Short descriptive text snippets
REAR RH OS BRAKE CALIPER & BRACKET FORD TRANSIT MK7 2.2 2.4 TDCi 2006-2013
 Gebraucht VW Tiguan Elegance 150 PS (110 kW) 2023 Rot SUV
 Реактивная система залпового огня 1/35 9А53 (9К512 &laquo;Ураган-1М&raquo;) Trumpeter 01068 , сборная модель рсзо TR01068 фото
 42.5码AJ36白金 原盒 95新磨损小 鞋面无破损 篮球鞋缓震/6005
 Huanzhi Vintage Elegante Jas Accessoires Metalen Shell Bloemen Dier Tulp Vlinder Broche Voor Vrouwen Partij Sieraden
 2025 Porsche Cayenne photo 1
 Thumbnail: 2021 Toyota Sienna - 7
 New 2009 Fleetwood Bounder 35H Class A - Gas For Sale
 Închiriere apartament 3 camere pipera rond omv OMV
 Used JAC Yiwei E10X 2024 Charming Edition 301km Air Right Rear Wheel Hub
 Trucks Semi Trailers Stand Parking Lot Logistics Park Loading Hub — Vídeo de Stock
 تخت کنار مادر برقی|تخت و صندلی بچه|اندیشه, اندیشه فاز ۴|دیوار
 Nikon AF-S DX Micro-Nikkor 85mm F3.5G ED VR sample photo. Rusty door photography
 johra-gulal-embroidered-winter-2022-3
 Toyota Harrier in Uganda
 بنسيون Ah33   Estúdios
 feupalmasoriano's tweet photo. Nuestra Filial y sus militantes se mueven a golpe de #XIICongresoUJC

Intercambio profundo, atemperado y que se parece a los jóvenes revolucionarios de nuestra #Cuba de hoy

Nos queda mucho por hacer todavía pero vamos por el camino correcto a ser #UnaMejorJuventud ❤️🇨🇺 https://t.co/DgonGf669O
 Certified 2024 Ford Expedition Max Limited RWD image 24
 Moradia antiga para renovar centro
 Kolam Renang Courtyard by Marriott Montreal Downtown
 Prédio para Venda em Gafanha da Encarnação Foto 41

* [WHAT TO DO] Wherever the line holding "Nikon AF-S DX" falls in the entries above, copy exactly from it through the line holding "feupalmasoriano's tweet photo.", inclusive, and add nothing.

* [RESULT OF THE TASK]
 Nikon AF-S DX Micro-Nikkor 85mm F3.5G ED VR sample photo. Rusty door photography
 johra-gulal-embroidered-winter-2022-3
 Toyota Harrier in Uganda
 بنسيون Ah33   Estúdios
 feupalmasoriano's tweet photo. Nuestra Filial y sus militantes se mueven a golpe de #XIICongresoUJC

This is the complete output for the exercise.